## What the exercise asks
All lines below between the line with "Men's PC Cotton" and the line with "Free Vector flat", including both, must be copied exactly, and the pictures must be omitted.
BEGIN Stored data
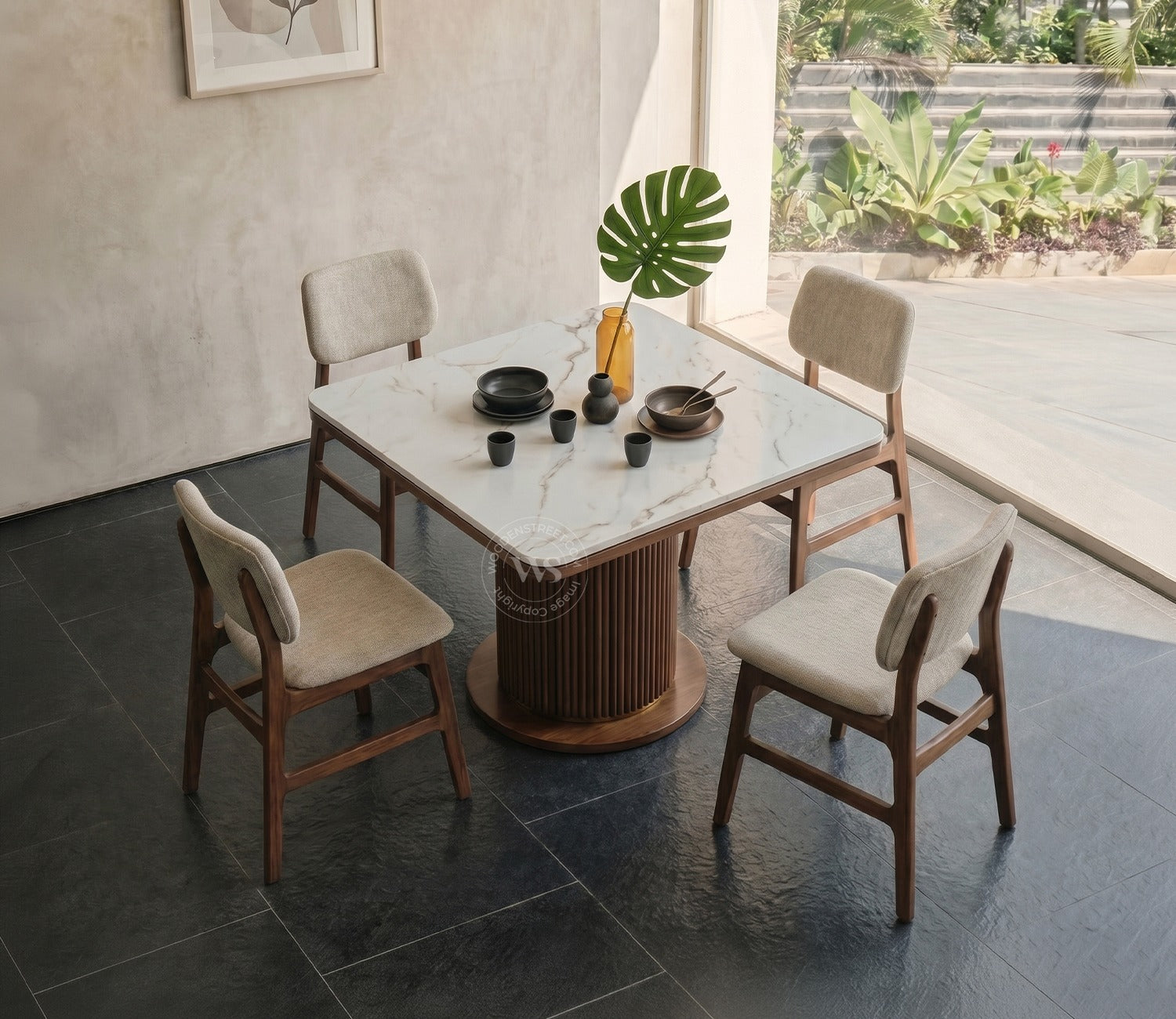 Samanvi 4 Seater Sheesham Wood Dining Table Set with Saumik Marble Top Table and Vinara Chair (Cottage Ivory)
END Stored data
BEGIN Stored data
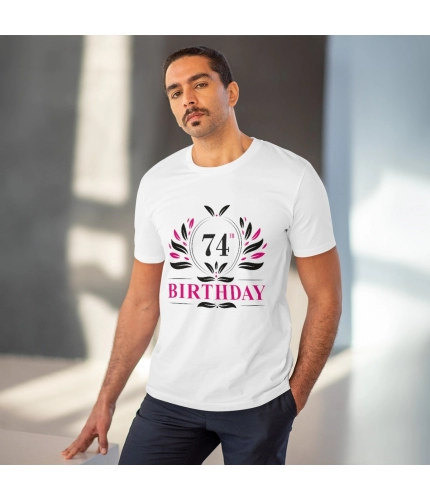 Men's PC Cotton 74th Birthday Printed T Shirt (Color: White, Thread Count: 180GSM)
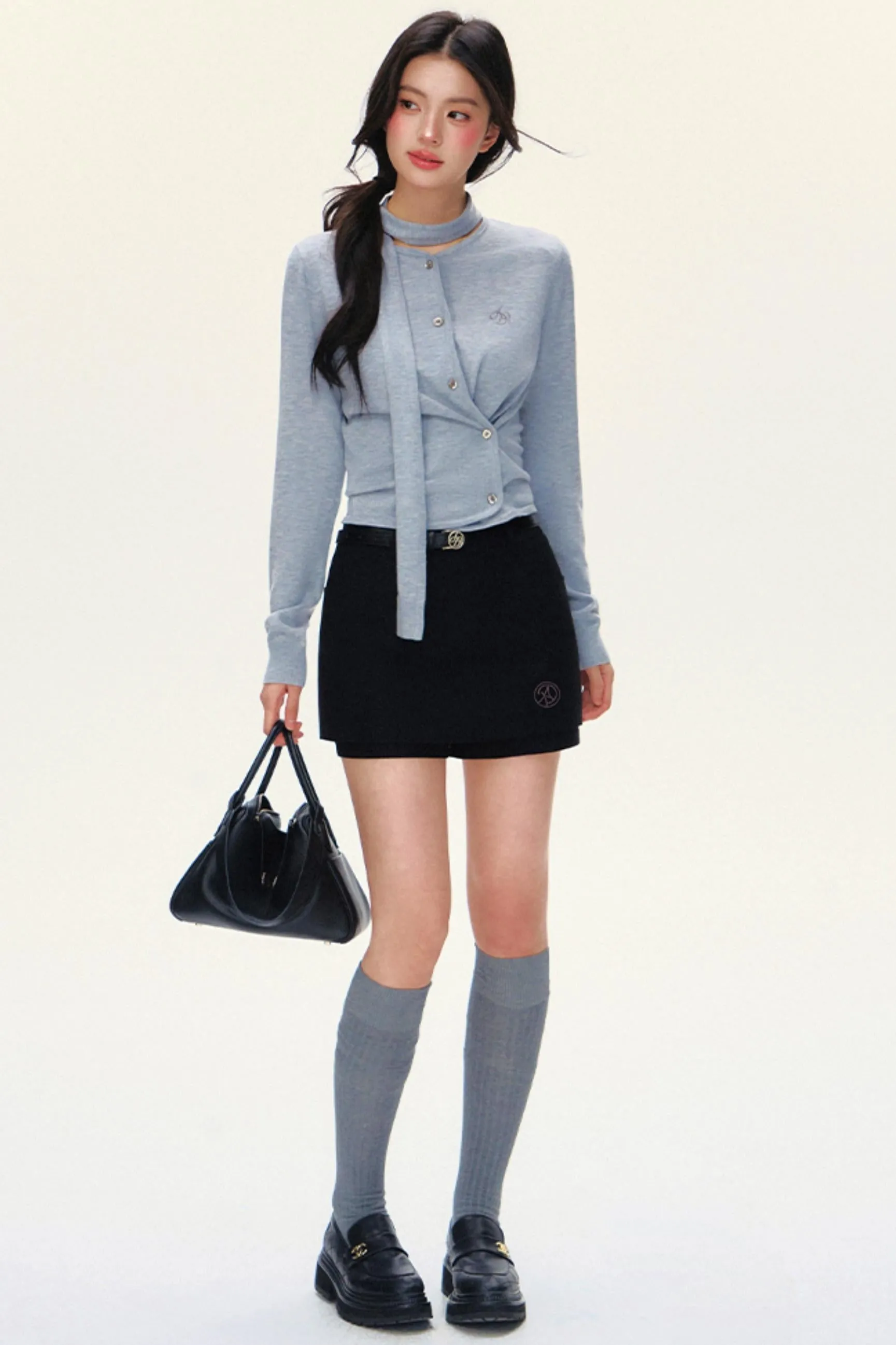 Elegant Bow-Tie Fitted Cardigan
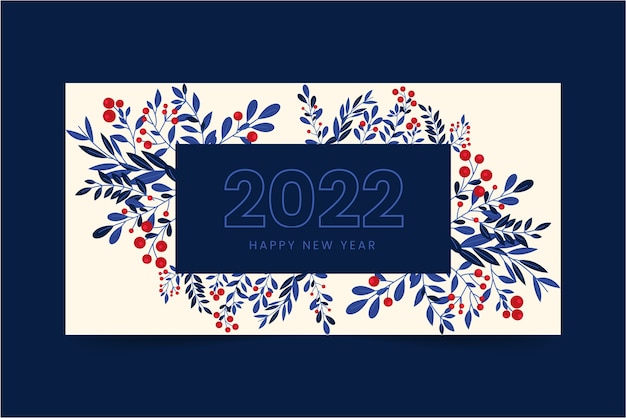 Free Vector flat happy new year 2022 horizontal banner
END Stored data
## Written solution
 Men's PC Cotton 74th Birthday Printed T Shirt (Color: White, Thread Count: 180GSM)
 Elegant Bow-Tie Fitted Cardigan
 Free Vector flat happy new year 2022 horizontal banner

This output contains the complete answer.